I would like to use yq to modify a user-supplied yaml file, with a user-supplied expression.
I can see that yq allows access to environment variable, which is easy enough to work around, by clearing the env before running. Can the expression interact with the os in any other way I've missed(read/write files, execute binaries, make http requests, etc.)?

[mikefarah]

I wouldn't recommend it - it wasn't designed for that and I can't guarantee any security for allowing end users to provide expressions.
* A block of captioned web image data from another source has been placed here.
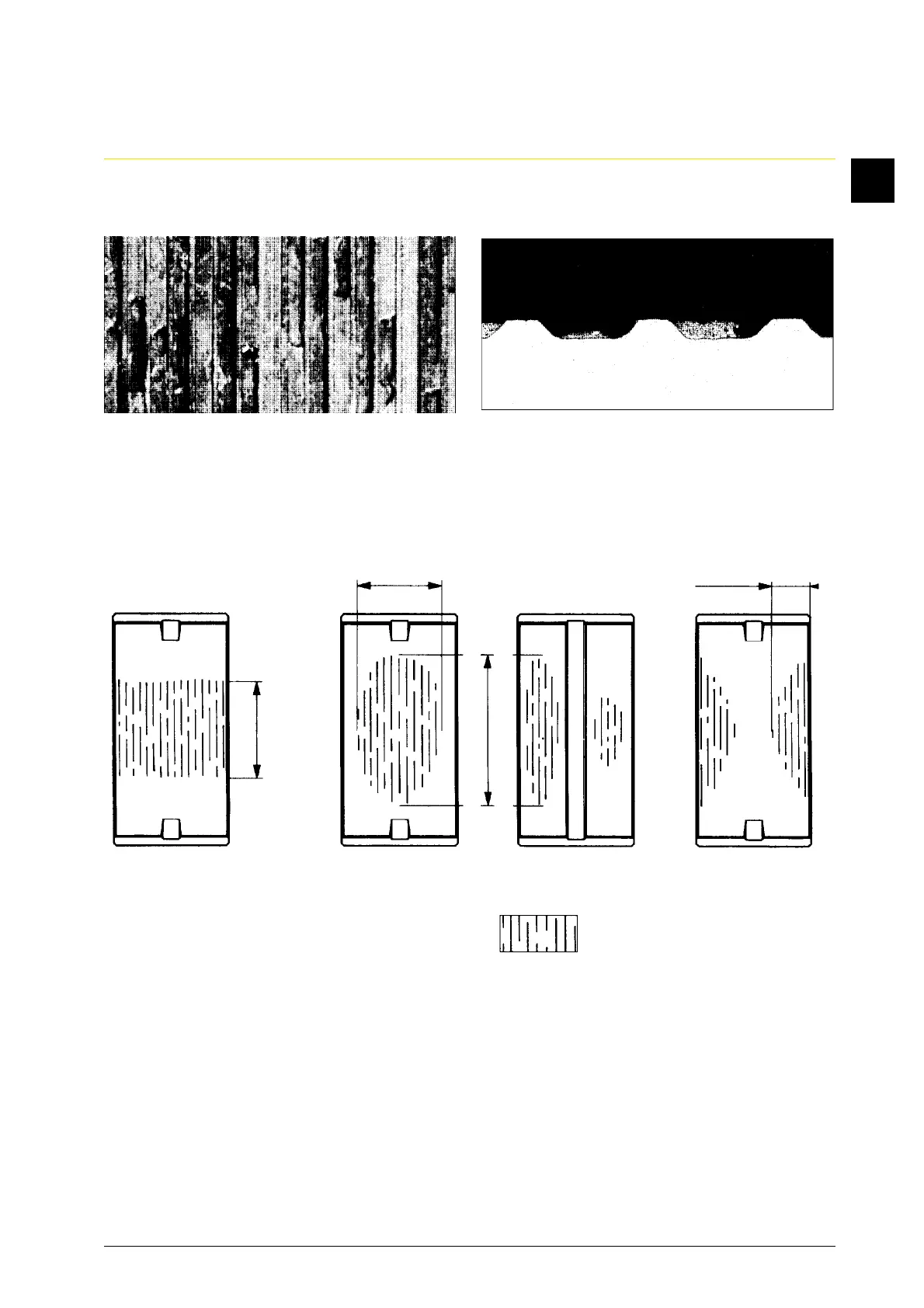 Page #249 background image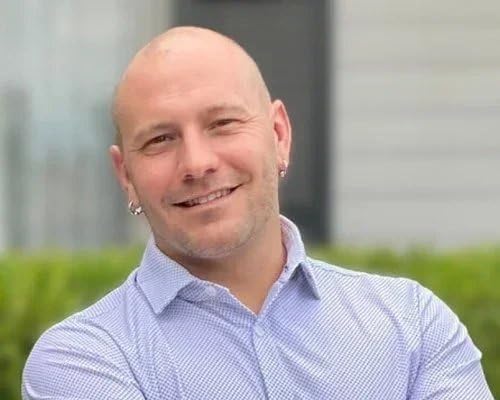 The Current Landscape of Evidence-Based Practices with Curt Kippenberger DC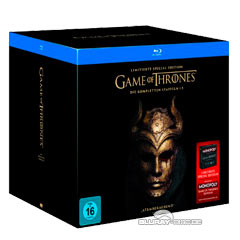 game-of-thrones-die-komplette-staffel-1-5-collectors-edition-inkl-monopoly-DE.jpg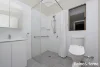67 Hammett Street, Currajong, Qld 4812-Image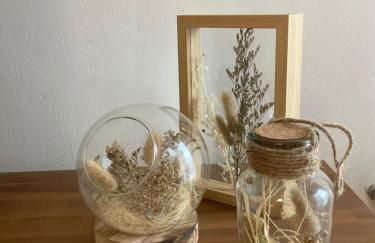 Appartement proche centre/gare - Foto 20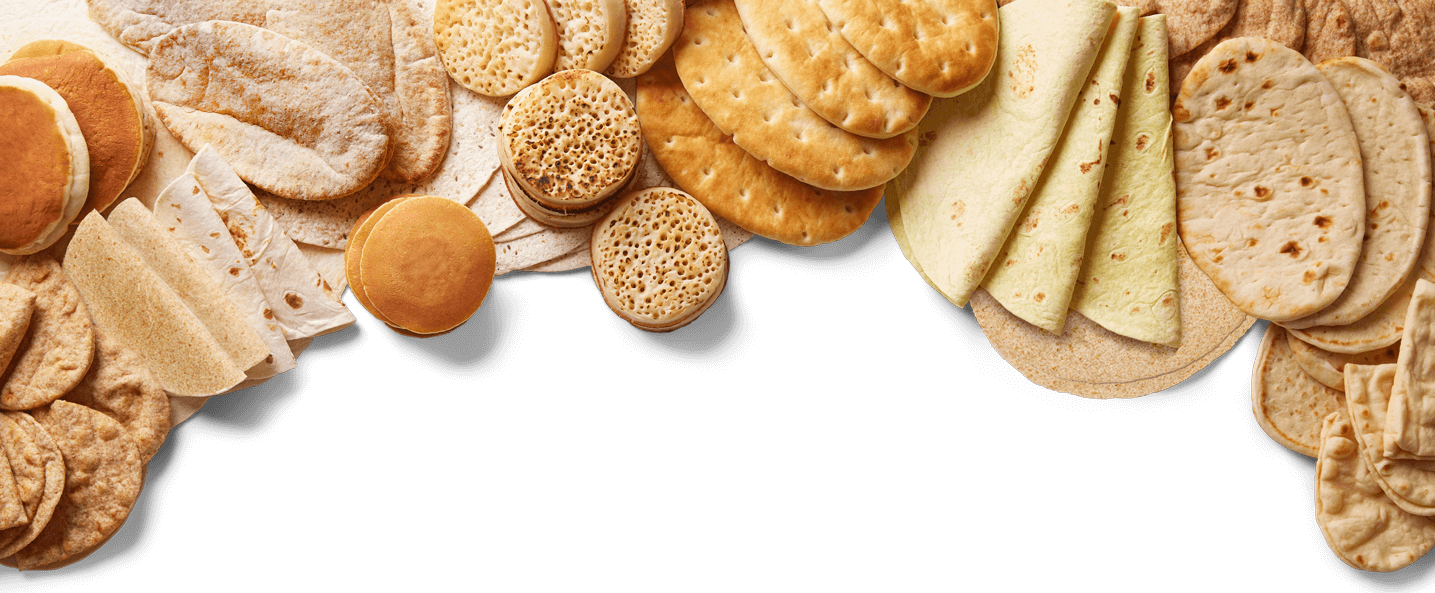 0014355931782-aprilfools-earth-wheat-tastemore-wasteless-16801015858893.png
It would be like allowing end users to specify there own SQL query.

• yq can access environment variables, which you have already identified
• yq can access files on the operating system, via the load expression - https://mikefarah.gitbook.io/yq/operators/load
• it doesn't make http calls
• there's probably other sneaky stuff you could do in the expression that I'm not aware of; possibly issues in underlying libraries; that expose security vulnerabilities

If you had to do it, I'd run yq in a container (e.g. docker/podman/vm) and make sure it only had access to files you want it to have access to, turn off networking (see the note here https://github.com/mikefarah/yq?tab=readme-ov-file#run-with-docker-or-podman), don't pass it environment variable etc. There's probably other things you could lock down as well. This may still have security vulnerabilities that I'm not aware of.